I’m going to be taking holidays for about a week, so posts on My Own Advisor will be slim to none. I’ll do my best to check comments and feedback from you over the next few days but the intent is to be on vacation and “unplug”. I suppose that’s what vacations are for. Besides, I can’t swing a golf club and check email at the same time. 🙂
I enjoyed a nice kick-start to my holiday last night, hanging out with a great team from Horizons ETFs and a bunch of Canadian personal finance bloggers. Canadian Capitalist, Michael James on Money and the Big Cajun Man were there.
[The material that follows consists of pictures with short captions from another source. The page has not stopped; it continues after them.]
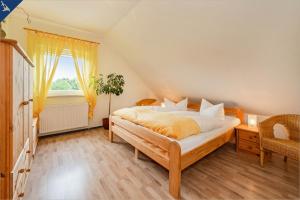 Schlafzimmer mit einem Bett und einem Fenster in der Unterkunft Am Schulberg Ferienhaus Albatros in Heringsdorf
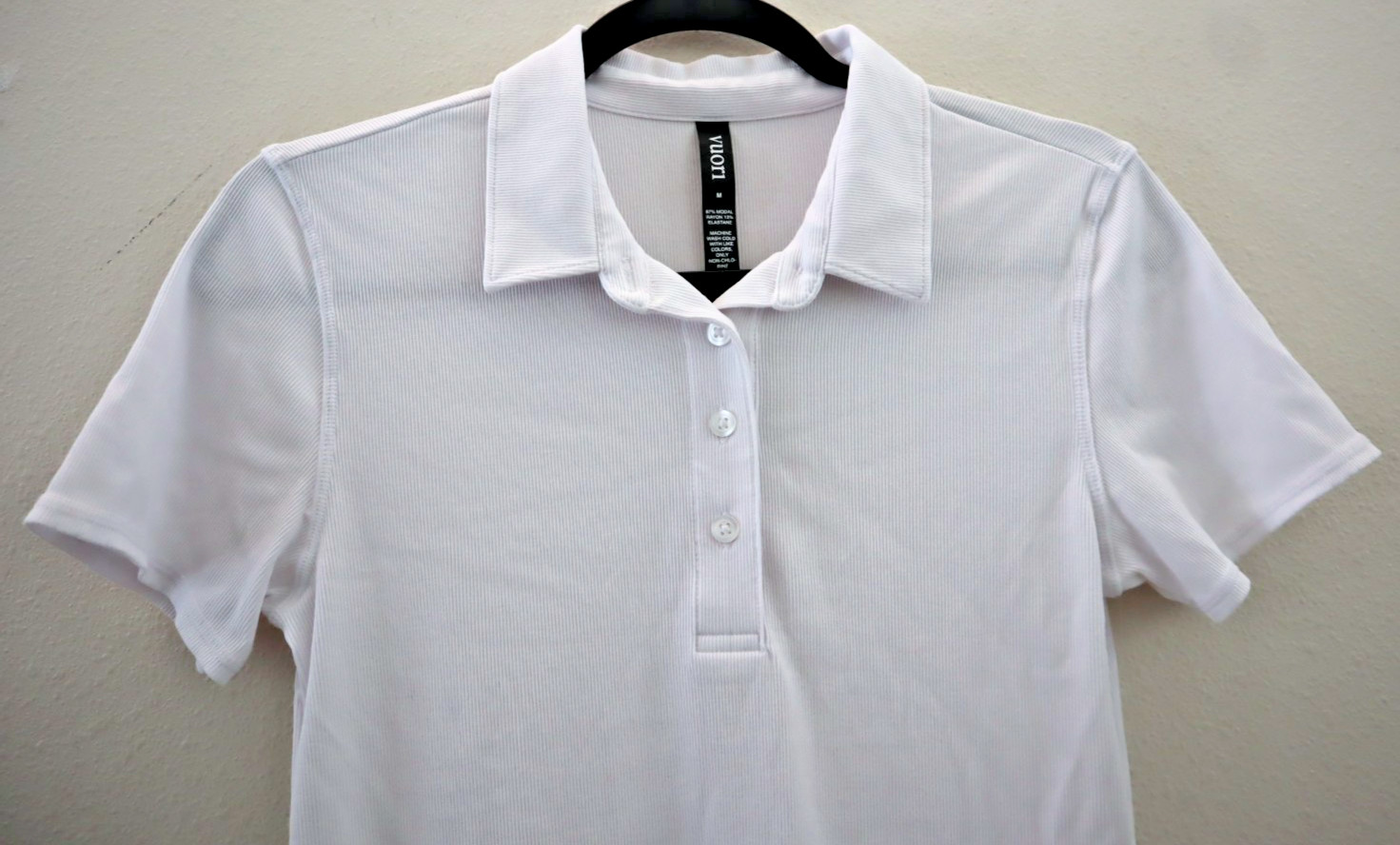 Vuori VW1050 Women’s Sz Medium White Pose Fitted S/S Ribbed Polo Shirt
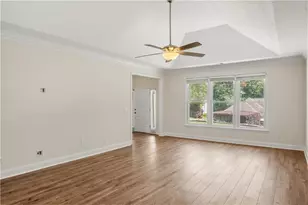 709 Oak Moss Dr, Lawrenceville, GA 30043 - Photo 9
It was also great to see Preet Banerjee again from Canadian personal finance multimedia fame, respected author and writer Larry MacDonald and Rob Carrick, personal finance columnist for the Globe & Mail and a noted author as well.
We chatted about Horizons’ diverse suite of ETFs, indexing, mortgages, credit crises, the Ottawa Senators (no crisis there by the way), Preet’s TV shows, Rob’s new book and some dividend investing, the latter much to the delight of Michael James and Canadian Capitalist actually! A good time was had by all. Let’s do it again sooner than later guys.
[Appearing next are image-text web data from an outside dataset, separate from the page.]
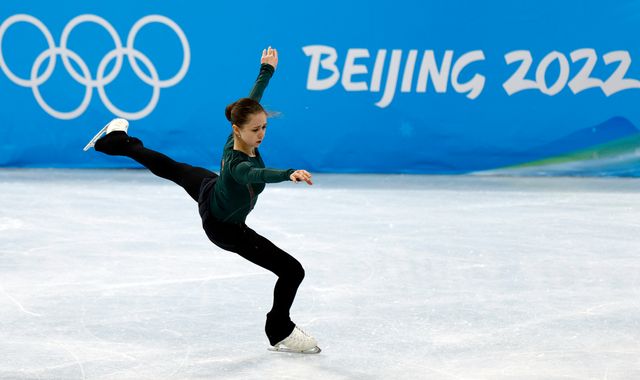 Kamila Valieva: World Anti-Doping Agency to investigate 15-year-old Russian skater's Olympic entourage - Vimarsana News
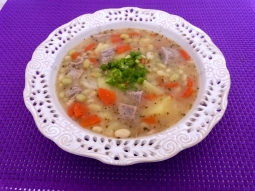 Zupa fasolowa z warzywami
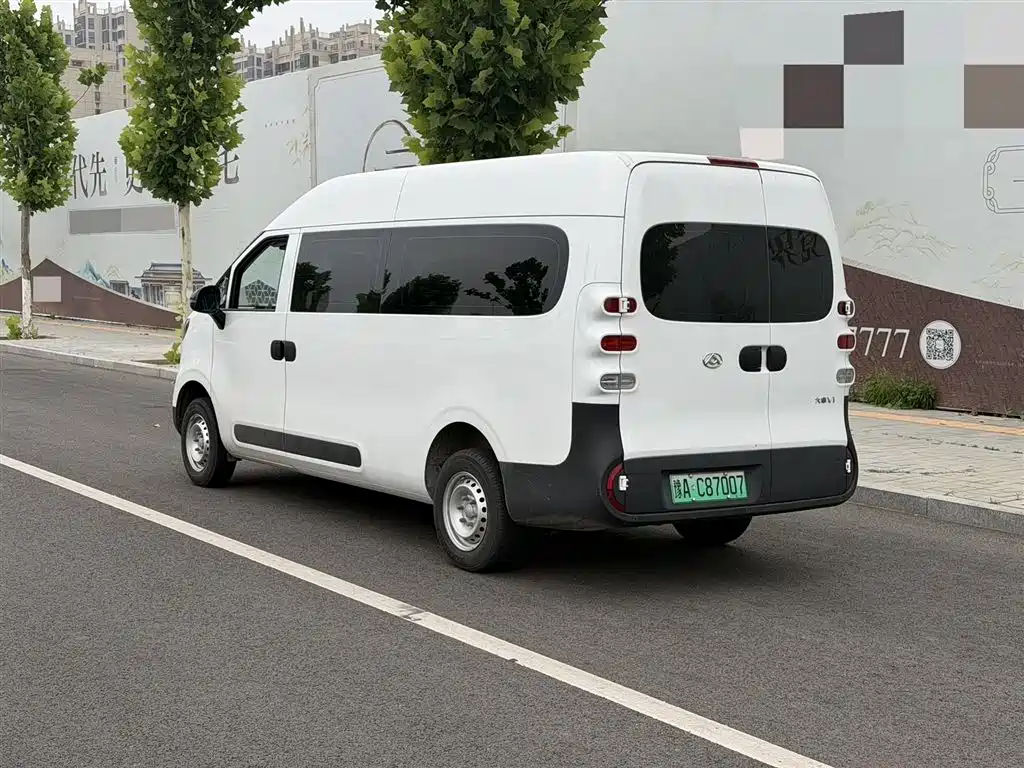 Maxus V1 2025 V1+ (62kWh)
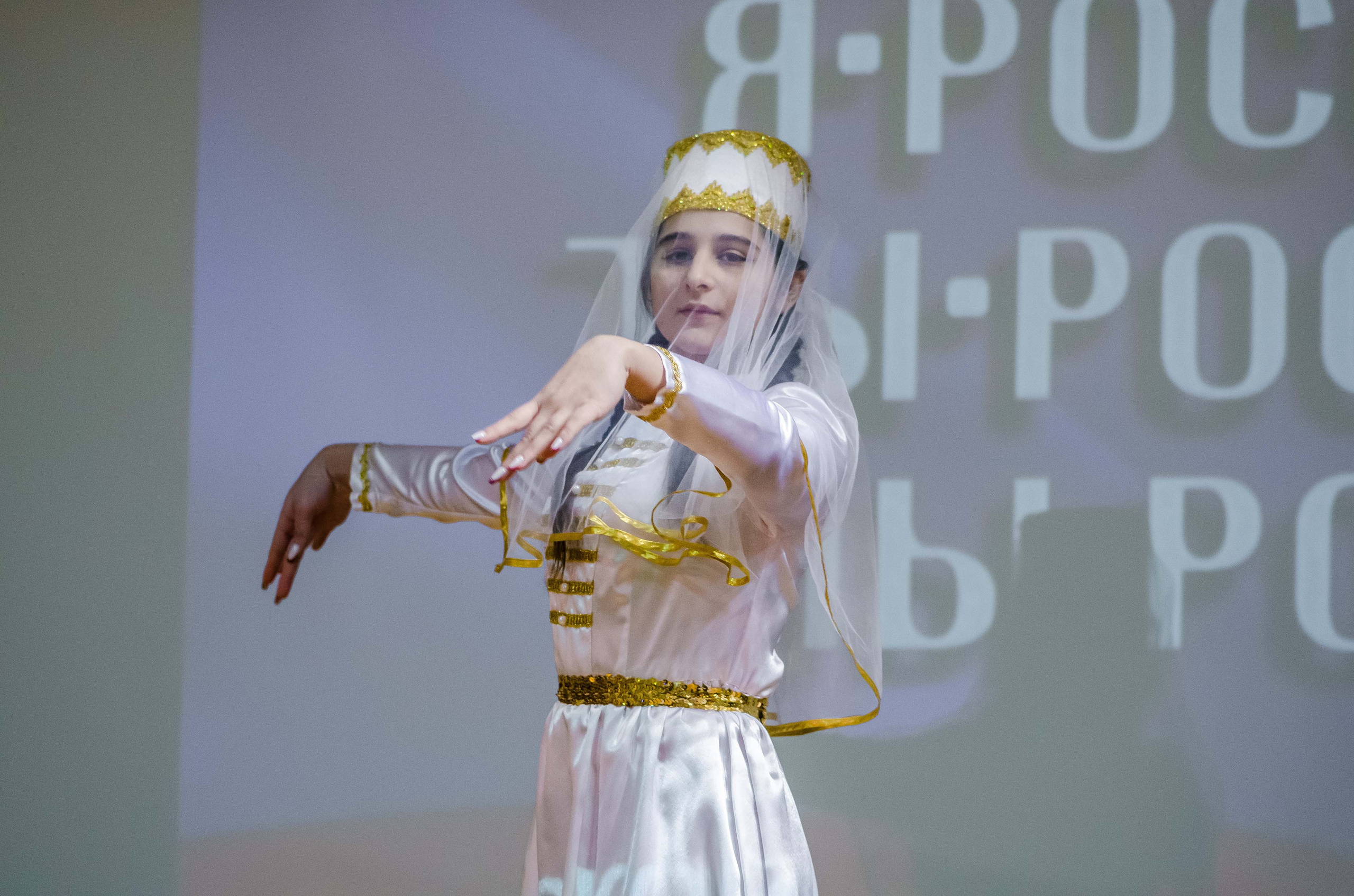 «Я-россиянин, ты — россиянин, мы — россияне!». Свадебный фотограф на Урале Виктор Соколов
I’ve got a few posts planned for when I come back, including my struggle with GDSR and TDSR, and my plan for a low-interest rate environment, or any interest rate environment for that matter. Stay tuned for those articles.
Before I hit the road, I wanted to post a bunch of great articles I read this week. Check them out.
Take care and happy investing.
Boomer & Echo weighed the pros and cons of waiting to buy a home.
MDJ discussed various forex scams.
Canadian Finance Blog told us how pension income splitting works.
The Financial Blogger discussed your window of opportunity.
Marissa reminded savers that “fun” in “fund” is important. Nicely said – I can’t wait for my trip!
Michael James on Money was annoyed with some mortgage savings campaigns. He also enjoyed poking some fun at blog, with a post entitled The Things You Need to Know about Selling Stocks. In good fun, Michael said in his response to Kanwal’s great post on my site: “The main idea is that if a business doesn’t give some of its cash back to shareholders in the form of a dividend, you can always just sell some of the stock.” True, but as long as the companies I own, continue to pay me more money over time regardless of what Mr. Market does, I’ll be a holder of some dividend-paying stocks. Rest assured for safety and convenience, I will index the rest of my portfolio. On that note, maybe I need to write a post about when to sell your indexed products? 😉
Retire Happy Blog told us how to minimize taxes on the estate. He said there are a few things in Canada that are not taxed, so when it comes to estate planning, strongly consider putting your money/assets in a combination of these: a Tax Free Saving Account (TFSA), principle residence, life insurance and cash.
SPF asked if Public Service compensation is really so bad? My answer: no way! I think a public service pension is the best game in town if you can play.
Financial Highway offered some tips for yard sale success.
Preet Banerjee said now is the time to get ready for interest rate hikes. He said: “Even though the Bank of Canada has not set anything in stone, it’s wise to consider a future with increased interest rates. A hike means mortgage rates, lines of credit and other forms of borrowing money will get more expensive.” Regardless where rates are headed, I have a plan and I hope to share that with you in a few weeks.
Andrew Hallam said index funds offer a simple plan for retirement riches.
Passive Income Earner is adjusting his DC plan.
Rob Carrick highlighted some of his favourite articles this week – one article telling you not to mistake wealth for financial literacy.
Invest It Wisely shared some mental anchors that are probably holding you back.
Big Cajun Man said…if you have $30 cash….and the answer to the end of this line is, of course, Big Cajun Man buys me dinner.
Check out a great post on Dividend Ninja discussing XDV if you missed it. I like XDV, but for 0.6% in fees per year, I’d rather own most of the companies directly and skip the fees. I almost own most of the companies now.
Canadian Capitalist said to be careful if you keep your dividend paying stocks only in a taxable account. Over time, I’m moving my dividend-payers to my TFSA. I certainly have a few payers unregistered, so Canadian Capitalist’s advice is duly noted but I’m willing to keep them there for some time to come.
Canadian Mortgage Trends provided an overview of The HOMEWORKS Line of Credit.